| PROBLEM STATEMENT |
An exact copy of the data is needed, one that excludes all pictures.

| AVAILABLE DATA |
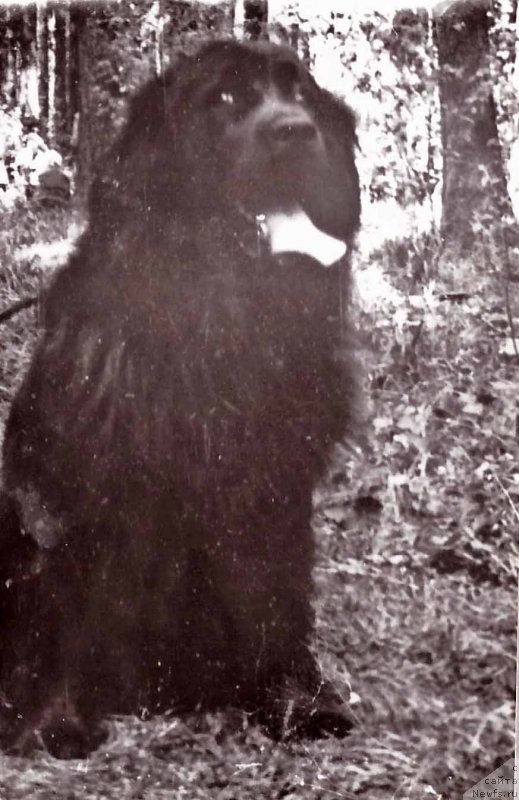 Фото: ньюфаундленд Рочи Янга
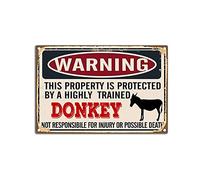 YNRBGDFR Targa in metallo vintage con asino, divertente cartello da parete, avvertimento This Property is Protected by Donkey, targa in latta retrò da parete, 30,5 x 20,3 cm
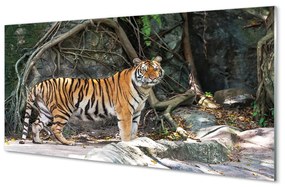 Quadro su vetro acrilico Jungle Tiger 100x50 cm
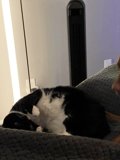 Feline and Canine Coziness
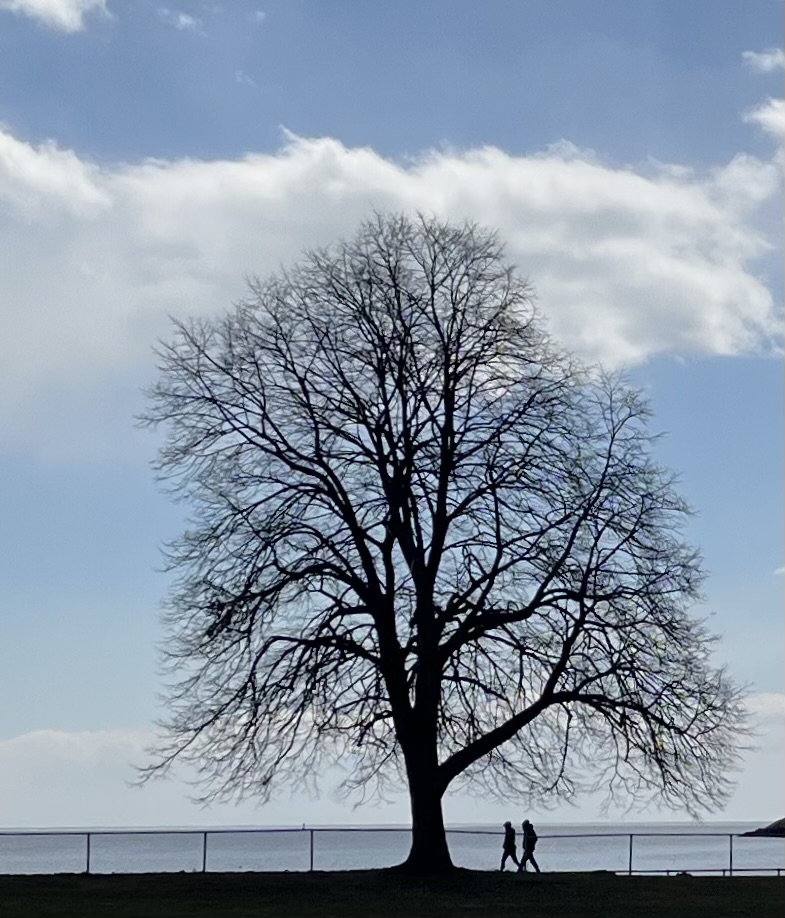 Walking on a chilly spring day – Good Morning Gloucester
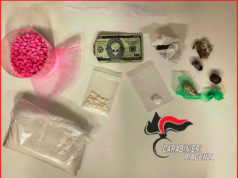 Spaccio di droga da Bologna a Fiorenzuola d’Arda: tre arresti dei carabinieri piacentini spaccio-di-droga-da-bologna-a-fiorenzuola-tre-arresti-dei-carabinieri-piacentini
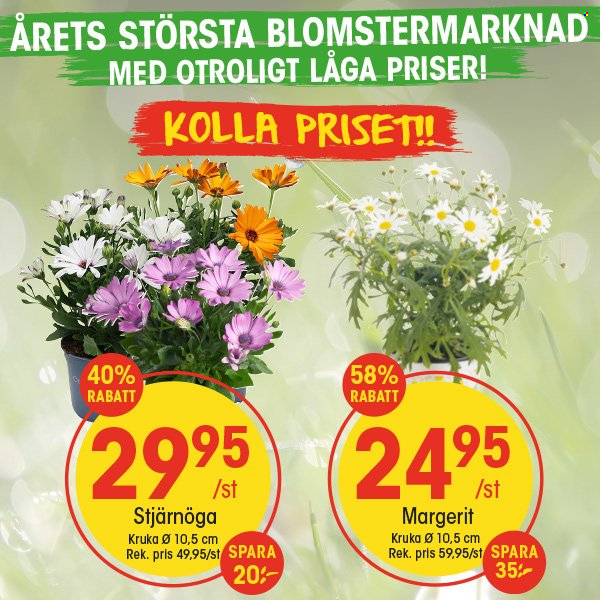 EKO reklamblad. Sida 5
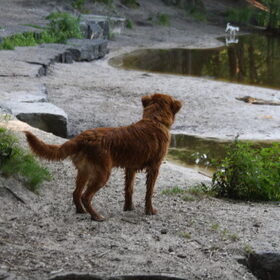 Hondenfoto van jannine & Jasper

| ANSWER |
 Фото: ньюфаундленд Рочи Янга
 YNRBGDFR Targa in metallo vintage con asino, divertente cartello da parete, avvertimento This Property is Protected by Donkey, targa in latta retrò da parete, 30,5 x 20,3 cm
 Quadro su vetro acrilico Jungle Tiger 100x50 cm
 Feline and Canine Coziness
 Walking on a chilly spring day – Good Morning Gloucester
 Spaccio di droga da Bologna a Fiorenzuola d’Arda: tre arresti dei carabinieri piacentini spaccio-di-droga-da-bologna-a-fiorenzuola-tre-arresti-dei-carabinieri-piacentini
 EKO reklamblad. Sida 5
 Hondenfoto van jannine & Jasper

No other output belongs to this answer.